# Altima: Sputtering, Stalling and "Service Engine" comes on



## zozkirkland (Jun 28, 2005)

I have a Nissan Altima GXE 1997 model that has worked well for so many years. Just last week, the engine started sputtering, and within a minute after that, it stalled. The car would not start, but while attempting to start I could hear knocking sound from the engine. 

Strangely enough, after 30 minutes of cooling down, the engine re-started for a few minutes before the same sputtering and stalling happened. When the engine stalled for first time, the "Service Engine" icon on the dash board came on.

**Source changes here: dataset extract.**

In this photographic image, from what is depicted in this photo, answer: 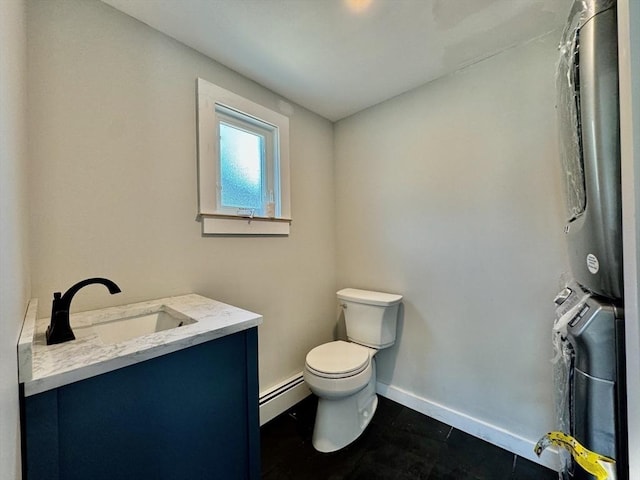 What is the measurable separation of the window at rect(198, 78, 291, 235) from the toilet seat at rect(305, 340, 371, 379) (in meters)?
0.84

Any suggestions on what I should be looking for to fix this problem?

Thx.


----------



## Chad1992 (Jul 21, 2005)

*stalling*

Check all of your fluid levels. If not then you need to put it on a computer to find codes.


----------



## jserrano (Oct 27, 2004)

Bad distributor or EGR valve.


----------



## mrnoname (Feb 24, 2005)

you do not have to put your car on a comp to check for codes. you can do that yourself. read your haynes manual it will explain how this is done. very simple.


----------



## zozkirkland (Jun 28, 2005)

jserrano said:


> Bad distributor or EGR valve.


It was a bad distributor. The Nissan dealer checked the computer codes and came to this conclusion. How did you know it could be the distributor? The distributor is now replaced. Any predictions on whether anything else could fail?


----------



## zozkirkland (Jun 28, 2005)

mrnoname said:


> you do not have to put your car on a comp to check for codes. you can do that yourself. read your haynes manual it will explain how this is done. very simple.


What is haynes manual? Care to explain how I could read the code and interpret it without having to pay 100 dollars at the repair shop?


----------



## rb4done (Apr 20, 2008)

Testing a relay . There are 6 terminals numbered 3, 5 6,7 and 1,2


----------